The data below should be repeated exactly and in full.

[Source data]
* * * *
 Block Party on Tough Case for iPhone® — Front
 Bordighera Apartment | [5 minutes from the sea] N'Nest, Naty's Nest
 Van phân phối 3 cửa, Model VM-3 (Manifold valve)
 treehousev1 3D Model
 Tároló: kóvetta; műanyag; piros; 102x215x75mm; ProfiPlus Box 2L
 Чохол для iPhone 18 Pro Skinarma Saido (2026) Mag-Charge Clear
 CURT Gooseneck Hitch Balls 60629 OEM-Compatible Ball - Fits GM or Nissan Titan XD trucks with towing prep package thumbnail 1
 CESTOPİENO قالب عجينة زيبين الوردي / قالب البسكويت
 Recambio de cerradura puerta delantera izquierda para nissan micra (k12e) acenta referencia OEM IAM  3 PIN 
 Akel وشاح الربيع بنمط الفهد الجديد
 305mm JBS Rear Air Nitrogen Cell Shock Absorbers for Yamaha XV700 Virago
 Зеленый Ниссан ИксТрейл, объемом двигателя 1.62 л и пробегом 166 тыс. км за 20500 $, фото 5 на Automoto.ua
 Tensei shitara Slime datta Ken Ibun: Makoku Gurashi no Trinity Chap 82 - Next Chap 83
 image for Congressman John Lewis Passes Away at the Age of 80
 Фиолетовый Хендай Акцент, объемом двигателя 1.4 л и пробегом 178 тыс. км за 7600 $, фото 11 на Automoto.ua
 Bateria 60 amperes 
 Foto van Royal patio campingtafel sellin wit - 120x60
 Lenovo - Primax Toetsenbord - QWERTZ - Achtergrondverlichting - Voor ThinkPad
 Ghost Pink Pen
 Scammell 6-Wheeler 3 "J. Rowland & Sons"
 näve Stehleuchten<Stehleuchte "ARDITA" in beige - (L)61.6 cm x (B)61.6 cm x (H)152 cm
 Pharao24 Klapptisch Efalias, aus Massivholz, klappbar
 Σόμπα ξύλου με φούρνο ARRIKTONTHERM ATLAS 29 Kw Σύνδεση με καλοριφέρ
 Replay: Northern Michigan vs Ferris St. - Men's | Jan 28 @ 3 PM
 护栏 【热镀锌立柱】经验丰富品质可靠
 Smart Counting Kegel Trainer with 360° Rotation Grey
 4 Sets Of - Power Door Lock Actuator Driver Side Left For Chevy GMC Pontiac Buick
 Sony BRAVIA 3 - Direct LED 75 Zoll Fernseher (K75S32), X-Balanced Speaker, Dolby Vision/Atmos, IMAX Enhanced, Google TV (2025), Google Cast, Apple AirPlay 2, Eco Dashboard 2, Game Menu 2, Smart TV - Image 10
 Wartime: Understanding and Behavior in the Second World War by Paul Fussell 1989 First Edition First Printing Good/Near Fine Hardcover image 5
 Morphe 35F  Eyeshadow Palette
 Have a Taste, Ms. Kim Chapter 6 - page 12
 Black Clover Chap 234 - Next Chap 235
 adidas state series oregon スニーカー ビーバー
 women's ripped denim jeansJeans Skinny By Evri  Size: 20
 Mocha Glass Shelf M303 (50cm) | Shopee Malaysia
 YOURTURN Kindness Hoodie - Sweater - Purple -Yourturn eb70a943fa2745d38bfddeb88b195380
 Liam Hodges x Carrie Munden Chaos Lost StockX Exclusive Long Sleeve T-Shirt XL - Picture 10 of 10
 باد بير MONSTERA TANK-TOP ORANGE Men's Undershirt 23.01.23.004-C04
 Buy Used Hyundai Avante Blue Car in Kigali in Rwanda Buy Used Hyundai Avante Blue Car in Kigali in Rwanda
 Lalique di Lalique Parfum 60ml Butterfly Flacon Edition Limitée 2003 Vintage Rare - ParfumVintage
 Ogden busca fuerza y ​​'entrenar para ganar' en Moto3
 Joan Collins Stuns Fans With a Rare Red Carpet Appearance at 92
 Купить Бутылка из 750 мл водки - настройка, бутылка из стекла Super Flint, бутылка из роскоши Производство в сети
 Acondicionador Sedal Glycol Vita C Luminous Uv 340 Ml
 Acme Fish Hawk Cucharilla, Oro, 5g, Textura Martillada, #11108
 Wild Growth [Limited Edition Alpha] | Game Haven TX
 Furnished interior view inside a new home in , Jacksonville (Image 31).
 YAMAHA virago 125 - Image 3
* * * *
[Result]
 Block Party on Tough Case for iPhone® — Front
 Bordighera Apartment | [5 minutes from the sea] N'Nest, Naty's Nest
 Van phân phối 3 cửa, Model VM-3 (Manifold valve)
 treehousev1 3D Model
 Tároló: kóvetta; műanyag; piros; 102x215x75mm; ProfiPlus Box 2L
 Чохол для iPhone 18 Pro Skinarma Saido (2026) Mag-Charge Clear
 CURT Gooseneck Hitch Balls 60629 OEM-Compatible Ball - Fits GM or Nissan Titan XD trucks with towing prep package thumbnail 1
 CESTOPİENO قالب عجينة زيبين الوردي / قالب البسكويت
 Recambio de cerradura puerta delantera izquierda para nissan micra (k12e) acenta referencia OEM IAM  3 PIN 
 Akel وشاح الربيع بنمط الفهد الجديد
 305mm JBS Rear Air Nitrogen Cell Shock Absorbers for Yamaha XV700 Virago
 Зеленый Ниссан ИксТрейл, объемом двигателя 1.62 л и пробегом 166 тыс. км за 20500 $, фото 5 на Automoto.ua
 Tensei shitara Slime datta Ken Ibun: Makoku Gurashi no Trinity Chap 82 - Next Chap 83
 image for Congressman John Lewis Passes Away at the Age of 80
 Фиолетовый Хендай Акцент, объемом двигателя 1.4 л и пробегом 178 тыс. км за 7600 $, фото 11 на Automoto.ua
 Bateria 60 amperes 
 Foto van Royal patio campingtafel sellin wit - 120x60
 Lenovo - Primax Toetsenbord - QWERTZ - Achtergrondverlichting - Voor ThinkPad
 Ghost Pink Pen
 Scammell 6-Wheeler 3 "J. Rowland & Sons"
 näve Stehleuchten<Stehleuchte "ARDITA" in beige - (L)61.6 cm x (B)61.6 cm x (H)152 cm
 Pharao24 Klapptisch Efalias, aus Massivholz, klappbar
 Σόμπα ξύλου με φούρνο ARRIKTONTHERM ATLAS 29 Kw Σύνδεση με καλοριφέρ
 Replay: Northern Michigan vs Ferris St. - Men's | Jan 28 @ 3 PM
 护栏 【热镀锌立柱】经验丰富品质可靠
 Smart Counting Kegel Trainer with 360° Rotation Grey
 4 Sets Of - Power Door Lock Actuator Driver Side Left For Chevy GMC Pontiac Buick
 Sony BRAVIA 3 - Direct LED 75 Zoll Fernseher (K75S32), X-Balanced Speaker, Dolby Vision/Atmos, IMAX Enhanced, Google TV (2025), Google Cast, Apple AirPlay 2, Eco Dashboard 2, Game Menu 2, Smart TV - Image 10
 Wartime: Understanding and Behavior in the Second World War by Paul Fussell 1989 First Edition First Printing Good/Near Fine Hardcover image 5
 Morphe 35F  Eyeshadow Palette
 Have a Taste, Ms. Kim Chapter 6 - page 12
 Black Clover Chap 234 - Next Chap 235
 adidas state series oregon スニーカー ビーバー
 women's ripped denim jeansJeans Skinny By Evri  Size: 20
 Mocha Glass Shelf M303 (50cm) | Shopee Malaysia
 YOURTURN Kindness Hoodie - Sweater - Purple -Yourturn eb70a943fa2745d38bfddeb88b195380
 Liam Hodges x Carrie Munden Chaos Lost StockX Exclusive Long Sleeve T-Shirt XL - Picture 10 of 10
 باد بير MONSTERA TANK-TOP ORANGE Men's Undershirt 23.01.23.004-C04
 Buy Used Hyundai Avante Blue Car in Kigali in Rwanda Buy Used Hyundai Avante Blue Car in Kigali in Rwanda
 Lalique di Lalique Parfum 60ml Butterfly Flacon Edition Limitée 2003 Vintage Rare - ParfumVintage
 Ogden busca fuerza y ​​'entrenar para ganar' en Moto3
 Joan Collins Stuns Fans With a Rare Red Carpet Appearance at 92
 Купить Бутылка из 750 мл водки - настройка, бутылка из стекла Super Flint, бутылка из роскоши Производство в сети
 Acondicionador Sedal Glycol Vita C Luminous Uv 340 Ml
 Acme Fish Hawk Cucharilla, Oro, 5g, Textura Martillada, #11108
 Wild Growth [Limited Edition Alpha] | Game Haven TX
 Furnished interior view inside a new home in , Jacksonville (Image 31).
 YAMAHA virago 125 - Image 3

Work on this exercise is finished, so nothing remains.